== WORK ITEM ==
Under this line sits a listing. Repeat exactly and only its lines from the one holding "BNY Mellon Wealth" through the one holding "Brown Girl Magic (Royalty) - Single"; skip pictures.

== RECORDED INFORMATION ==
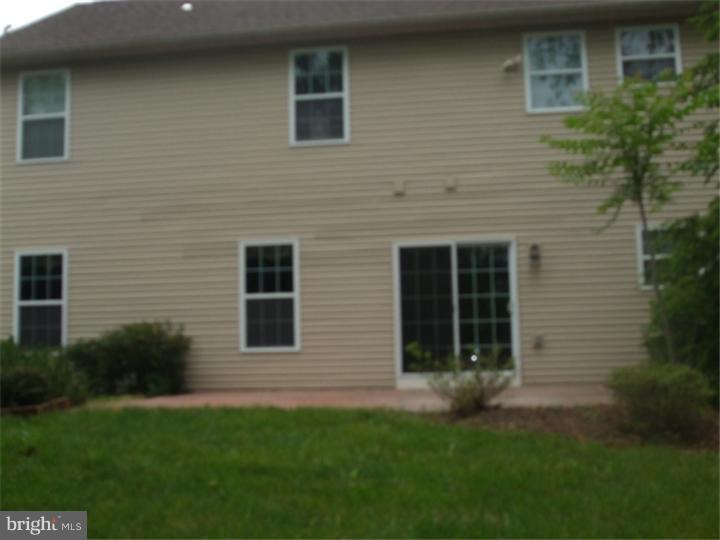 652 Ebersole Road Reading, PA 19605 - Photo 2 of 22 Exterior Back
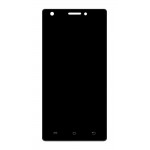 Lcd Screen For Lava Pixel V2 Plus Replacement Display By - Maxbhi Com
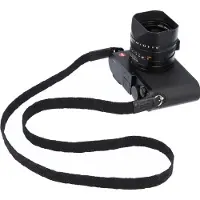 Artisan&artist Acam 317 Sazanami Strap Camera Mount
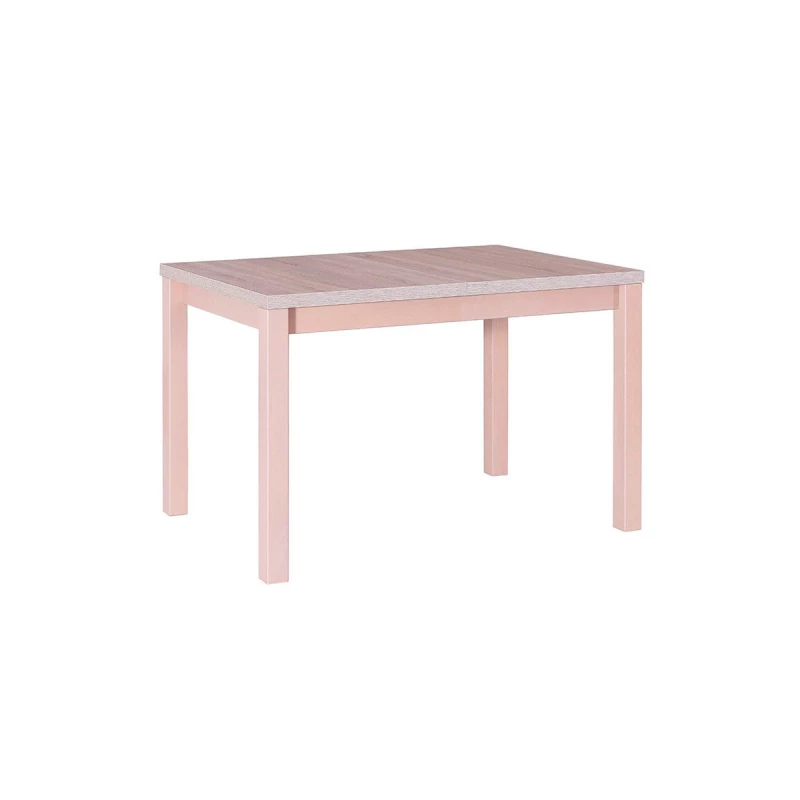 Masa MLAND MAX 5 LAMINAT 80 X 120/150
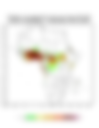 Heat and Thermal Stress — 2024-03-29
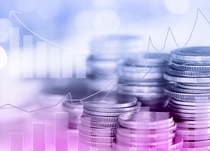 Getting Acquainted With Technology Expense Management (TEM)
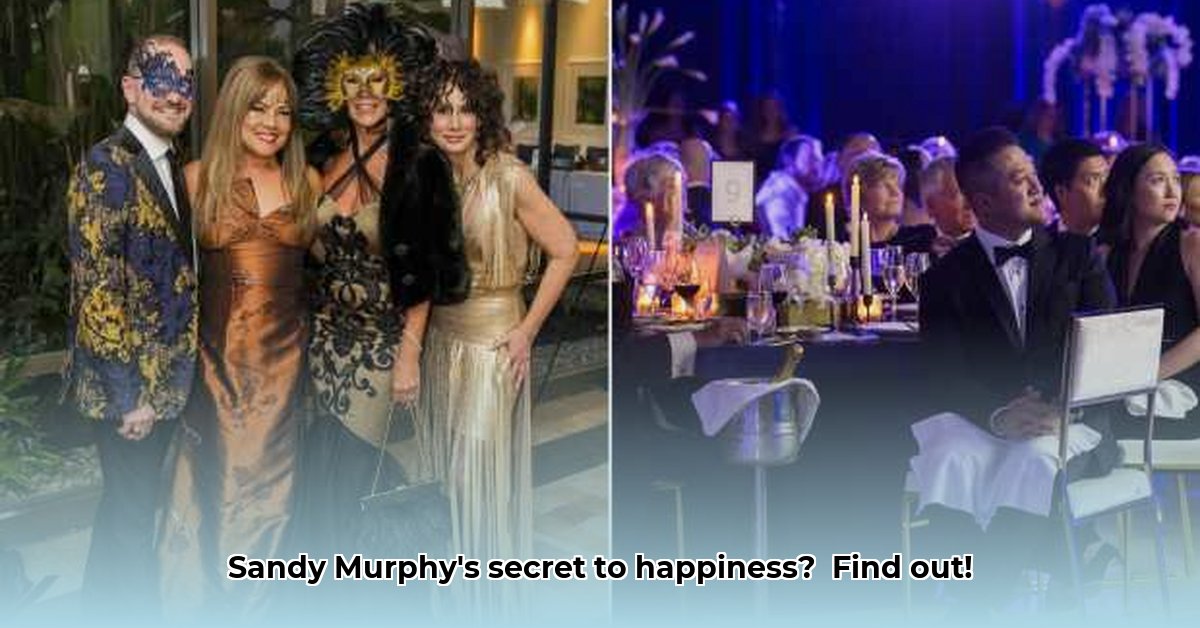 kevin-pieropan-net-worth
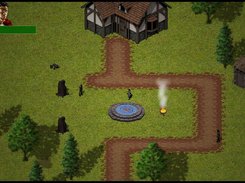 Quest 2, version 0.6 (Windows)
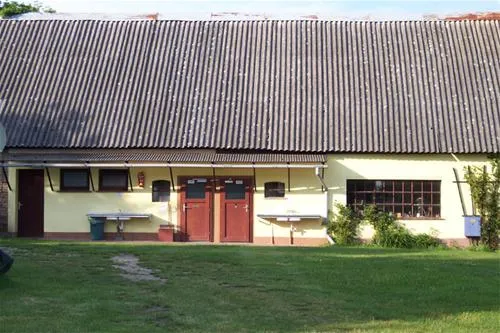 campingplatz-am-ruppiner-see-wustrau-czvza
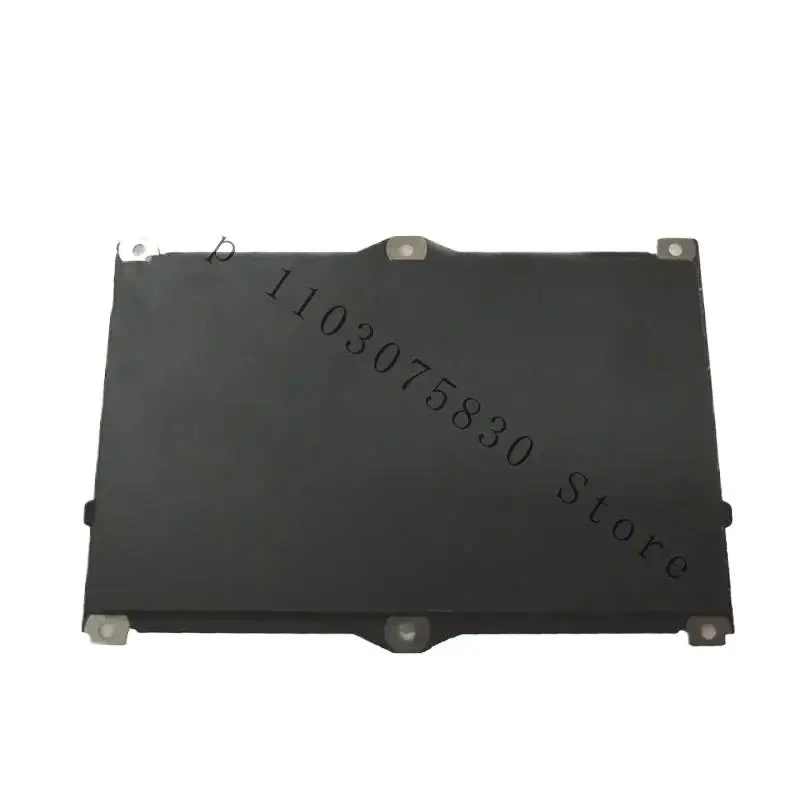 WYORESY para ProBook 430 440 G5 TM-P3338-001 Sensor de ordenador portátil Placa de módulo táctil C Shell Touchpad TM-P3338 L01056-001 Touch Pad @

==

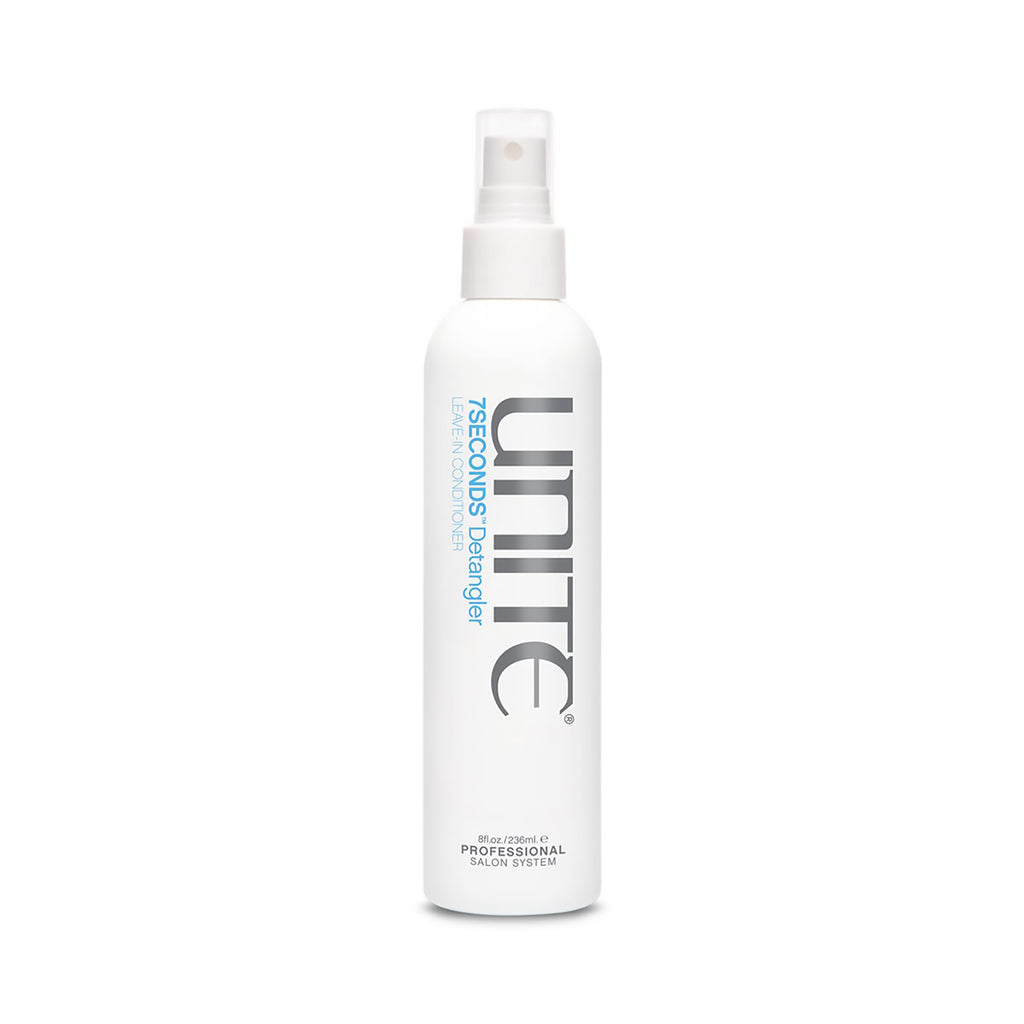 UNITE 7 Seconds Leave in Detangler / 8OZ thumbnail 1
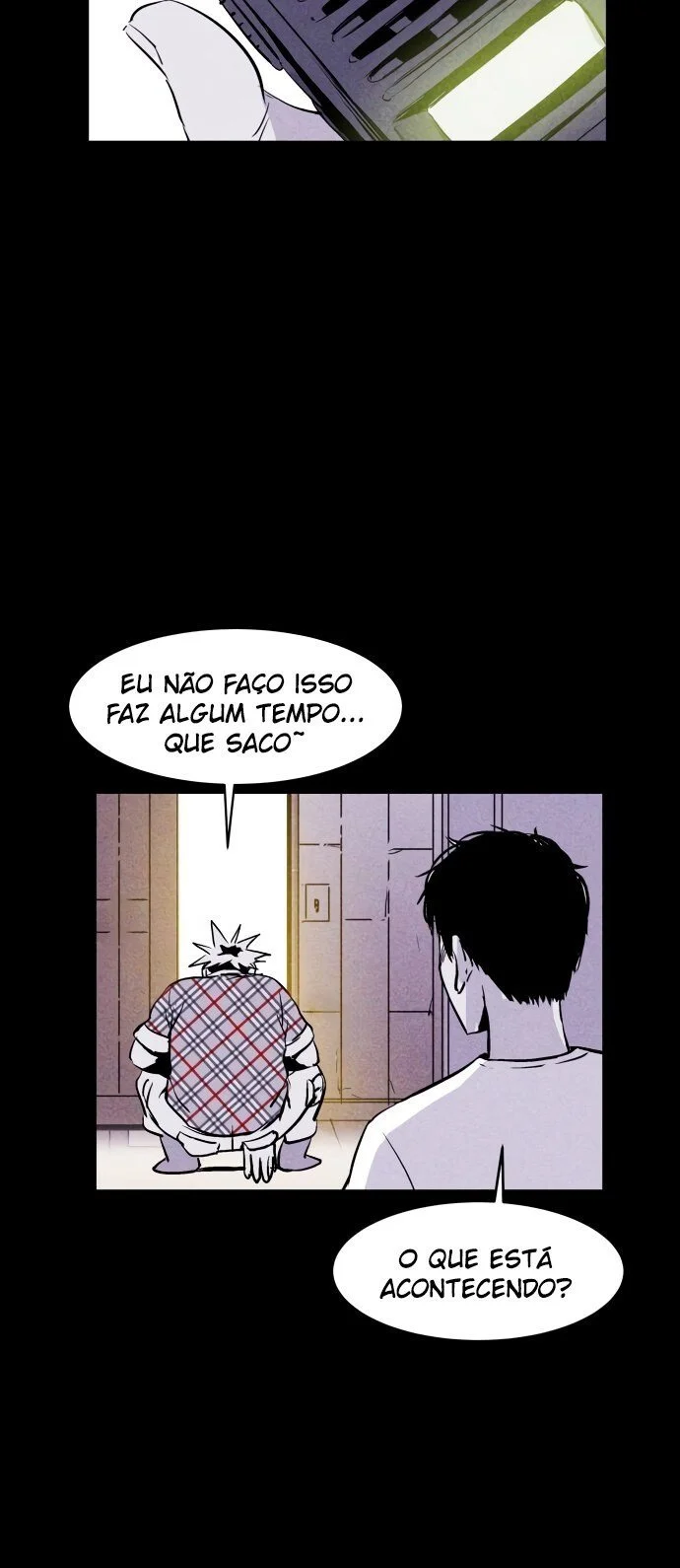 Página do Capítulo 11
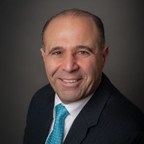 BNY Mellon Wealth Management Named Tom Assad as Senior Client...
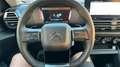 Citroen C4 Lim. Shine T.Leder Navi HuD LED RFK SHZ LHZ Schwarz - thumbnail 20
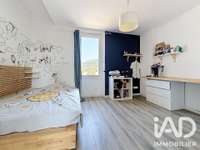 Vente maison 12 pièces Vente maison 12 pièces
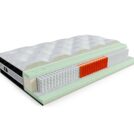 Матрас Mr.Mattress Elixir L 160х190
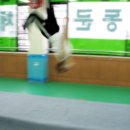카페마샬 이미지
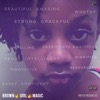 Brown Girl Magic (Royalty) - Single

== TASK SOLUTION ==
 BNY Mellon Wealth Management Named Tom Assad as Senior Client...
 Citroen C4 Lim. Shine T.Leder Navi HuD LED RFK SHZ LHZ Schwarz - thumbnail 20
 Vente maison 12 pièces Vente maison 12 pièces
 Матрас Mr.Mattress Elixir L 160х190
카페마샬 이미지
 Brown Girl Magic (Royalty) - Single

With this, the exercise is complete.